**WHAT IS BEING ASKED**
Copy out all of the data word for word. Omit every picture.

** Opening AVAILABLE DATA block **

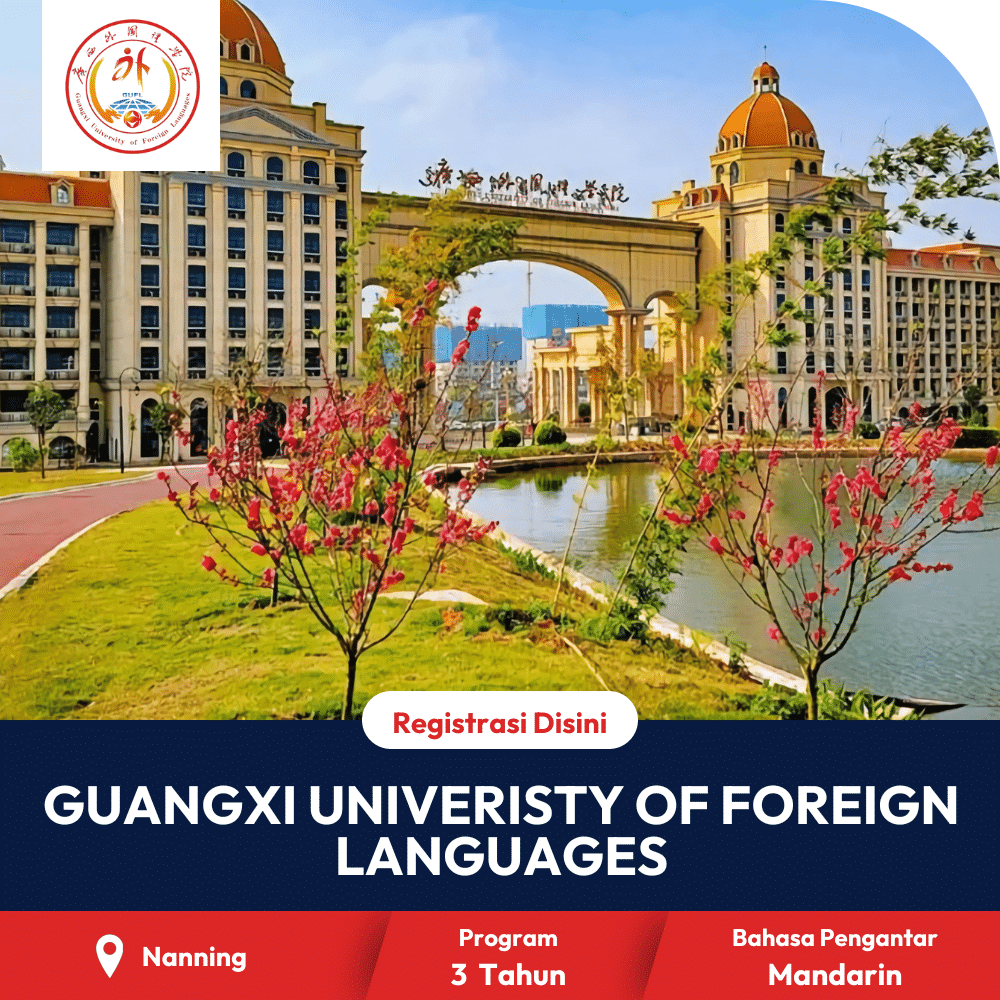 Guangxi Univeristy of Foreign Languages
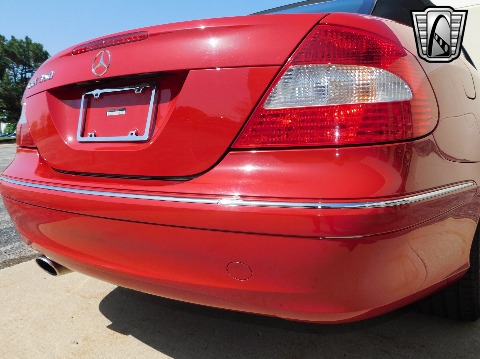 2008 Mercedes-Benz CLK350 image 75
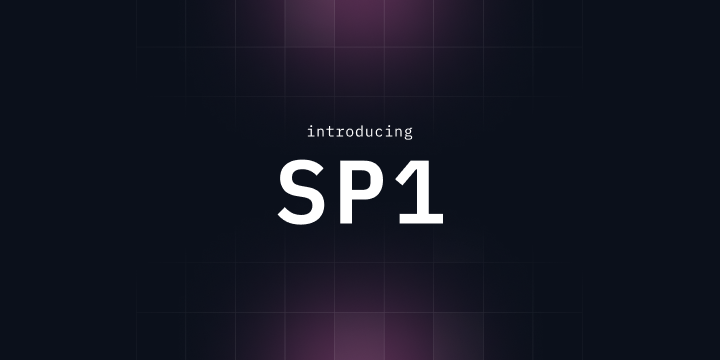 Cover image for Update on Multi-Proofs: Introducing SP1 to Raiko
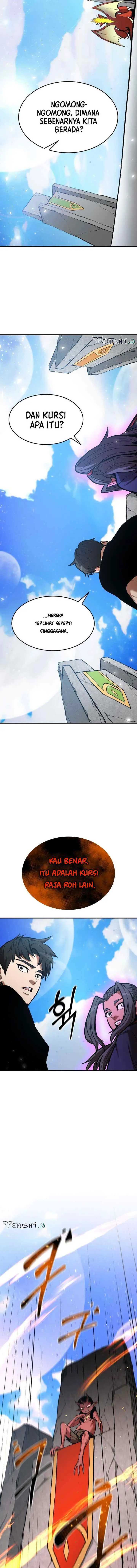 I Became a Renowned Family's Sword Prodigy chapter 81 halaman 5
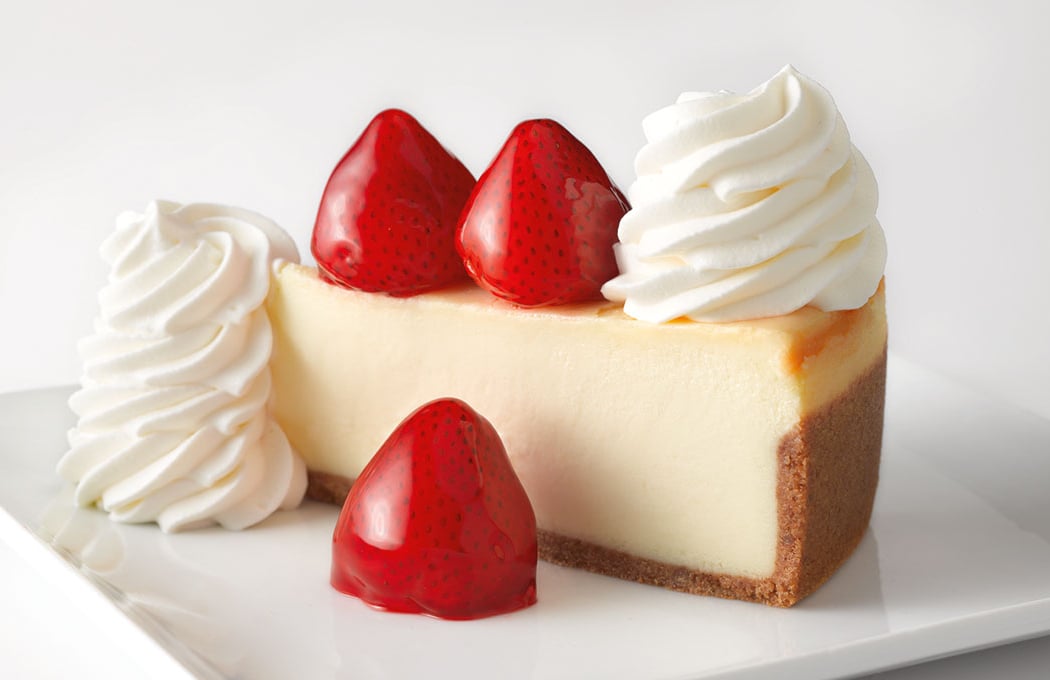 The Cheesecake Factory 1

** Closing AVAILABLE DATA block **

**COMPLETED EXERCISE**
 Guangxi Univeristy of Foreign Languages
 2008 Mercedes-Benz CLK350 image 75
 Cover image for Update on Multi-Proofs: Introducing SP1 to Raiko
 I Became a Renowned Family's Sword Prodigy chapter 81 halaman 5
 The Cheesecake Factory 1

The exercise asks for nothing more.